Mediation is simply a meeting of the parties involved in a dispute, along with a neutral person whose job it is to "mediate" between the parties to get things resolved so that everyone is happy. The purpose of mediation is never to determine who is at fault or whether your claims are legitimate. The purpose is to allow both sides the opportunity to explain their own position, and listen to the position of the other side.
Mediation is also meant to be a way for the employee to offer a proposal to the employer of what would be a fair resolution of the dispute. Usually, that resolution involves money. So determining and conveying to your employer the amount of money it would take to resolve the dispute, is necessary.
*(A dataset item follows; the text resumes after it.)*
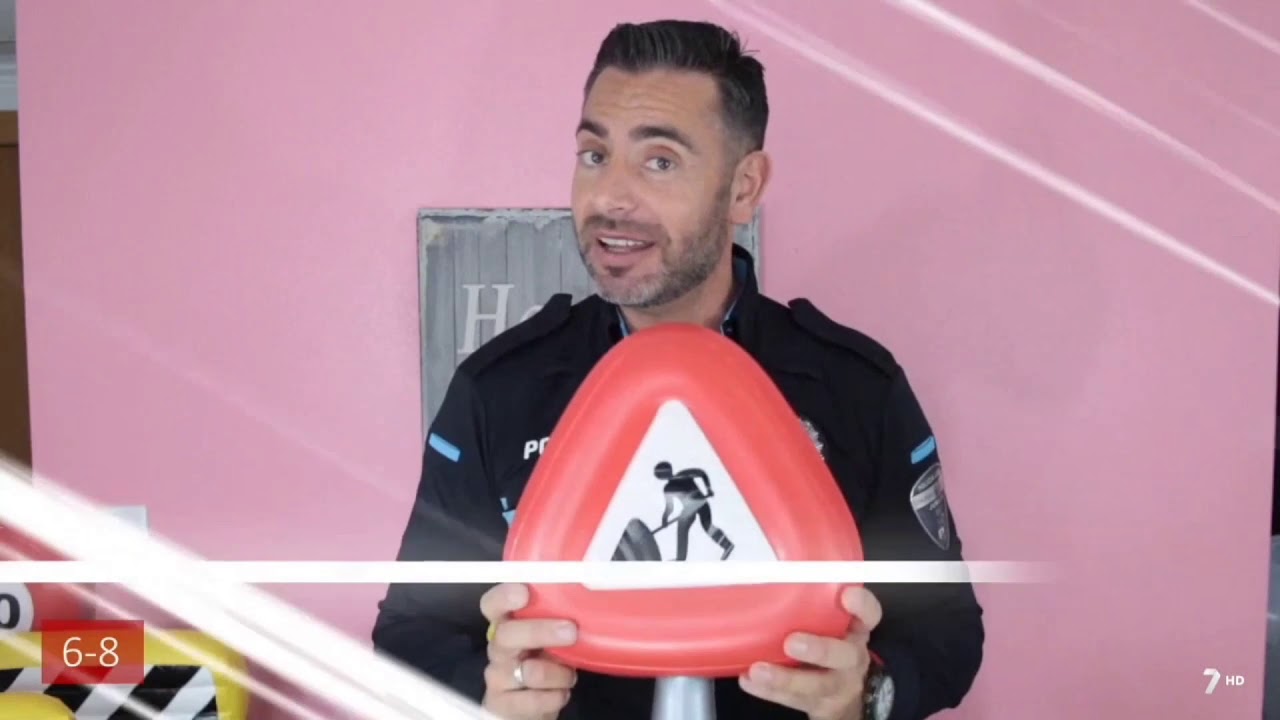 El paso de Peatones y las Señales. El Policía Pascual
What is the Mediator's Job?
The mediator is always the neutral party. This means, the mediator does not make any decisions for either party, but instead merely passes along information to both sides in a neutral and non-confrontational manner. It remains the decision of the parties, whether or not the claims can be resolved in a way that both parties think is fair and reasonable.
What are the possible outcomes of mediation?
If you and your employer reach an agreement and the case can be resolved, the mediator is responsible for putting the agreement in writing. The agreement is then signed by you and your employer and it becomes a binding settlement agreement. This means your EEOC charge will no longer proceed through an investigation. It usually requires you, as the employee, to agree not to file a lawsuit in court against your employer for the same employment matters you raised in the EEOC charge.
However, if an agreement is not reached, the mediation ends. Anything that was discussed during the mediation session, including any offers that were made or refused, must be left behind. What goes on in mediation must remain confidential and it cannot be used in court in any way.
What if I'm unhappy with what my employer offers?
The reality is, the opposing parties in a mediation usually harbor negative feelings toward one another. Otherwise, there would be no dispute and there would be no need for a neutral mediator to help the parties to negotiate a resolution. Usually, the employment issues have become personal and the parties have become emotionally charged.
However, a mediation is not the time for expressing those feelings. As the employee, the best advice is to ignore any antagonistic behavior by your employer and, instead, focus on the financial risks and benefits that you face. If you remain positive, you will increase your chances of having a positive mediation experience and reaching a reasonable settlement with your employer.